Federal Indian Citizenship Act. Makes U.S. citizenship possible for all Native women.

1937

Nan Wood Honeyman becomes the first Oregon woman elected to the US House of Representatives​.

1952

McCarran Walter Act. Enables first generation Asian American women to acquire citizenship.

1960-1967

Maurine Neuberger is the first and only woman to represent Oregon in the U.S. Senate.

1960-1970s

Women in the Oregon legislature work to pass laws addressing women’s unequal citizenship in marriage, work, health, and legal status.

1973

Buttons read: ERA The Equal Rights Amendment, People of Faith for ERA, A Man of Quality is not threatened by a Woman for EQUALITY

​​​​​​​Oregon legislature votes to ratify the Equal Rights Amendment or ERA. Listen to audio of a Norma Paulus speech in favor of the ERA​. Shown here are buttons in support of the ERA. (Courtesy of Oklahoma Historical Society) Enlarge Image

1976

Mae Yih (born Chih Feng Dunn) becomes the first Chinese American to serve in a state Senate in the United States.

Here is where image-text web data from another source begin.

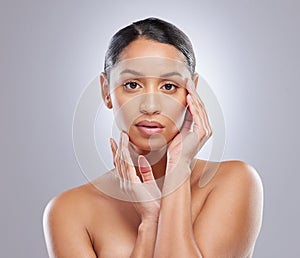 Serious, portrait and woman with skincare in studio for natural beauty, spa treatment and cosmetics. Female person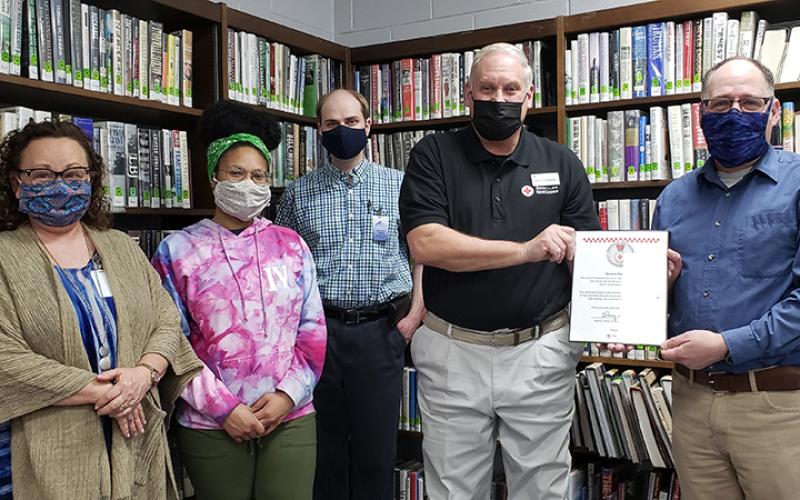 Pictured from left is library staff Bobbie Sue Smiley, Alexis Faciane and Benjamin Ossoff with American Red Cross representative John Clodfelter and Librarian Jeff Delfield.
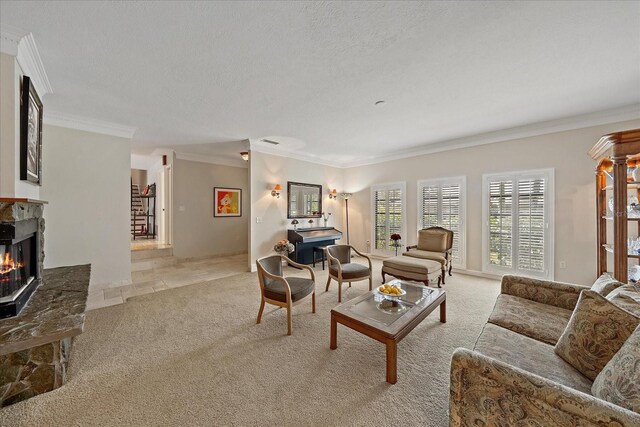 living area featuring light carpet, ornamental molding, a textured ceiling, and a glass covered fireplace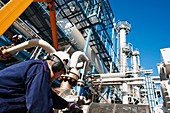 Worker checking pipework on an oil and gas refinery
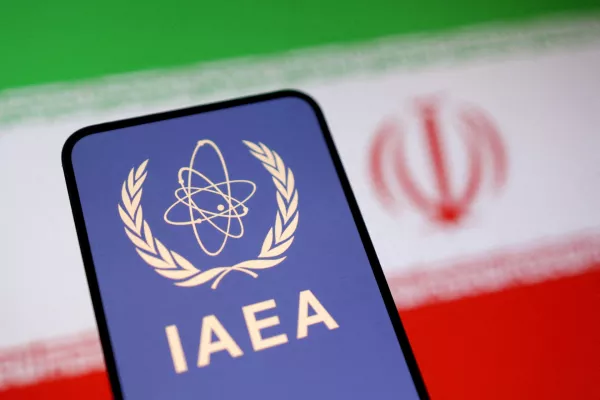 FILE PHOTO: International Atomic Energy Agency (IAEA) logo and Iranian flag is seen in this illustration taken June 16, 2025. REUTERS/Dado Ruvic/Illustration/File Photo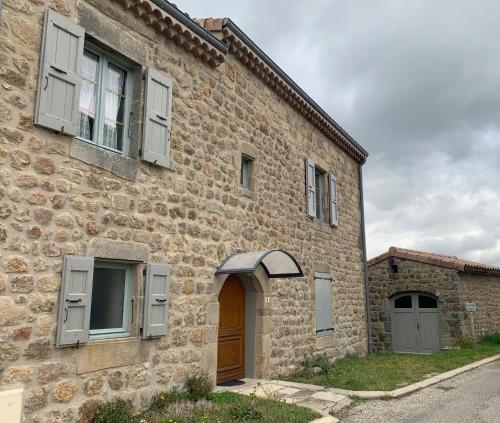 - un bâtiment en pierre avec une porte et des fenêtres en bois dans l'établissement Le Mazet, Parc Naturel Régional des Monts d'Ardèche, à Silhac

She served in both Oregon House and Senate.​

1977

Norma Paulus becomes first woman elected to statewide office as Secretary of State.

1979

Oregon Supreme Court case Gunther v. Washington County expands equal pay for equal work toward comparable worth.

1982

Betty Roberts becomes the first woman on the Oregon Supreme Court.

1985

Vera Katz is first woman to serve as Speaker of the Oregon House of Representatives.​ Of Portland's five Jewish mayors, Vera Katz, who was mayor from 1993 to 2005, is the only woman.​

1990

Jackie Taylor is the first Native American elected to the Oregon House.

1991-1995

Painting of Barbara Roberts standing before an open French Door leading to a garden.

​​​​​​​Barbara Roberts is the first woman to serve as Governor of Oregon. Shown here is a portrait of Roberts by Aimee Erickson. The portrait hangs in the Oregon State Capitol. (Oregon State Archives Image)

1996

Avel Louise Gordly becomes the first African-American woman to be elected to the Oregon Senate.

1998

Oregon becomes the first state in the nation to vote exclusively by mail.

Jackie Winters is elected to the Oregon House of Representatives. She was the first African-American Republican ever to serve In the Oregon Legislative Assembly. In 2017, Winters was elected as Senate Minority Leader and became the first African-American legislative leader in Oregon.​

2002

Susan Castillo is the first female Lantinx official elect​ed to statewide office as the Superintendent of Public Instruction.

2012

Ellen Rosenblum becomes the state’s first female attorney general and the first Jewish person to hold the office.

2016

Teresa Alonso Leon is the first Latina immigrant elected to the Oregon House.

2018

Susheela Jayapal becomes the first South Asian American elected in Oregon to Multnomah County Board of Commissioners​.

2019​

Jo Ann Hardesty becomes the first African-American woman to serve on the Portland City Council​.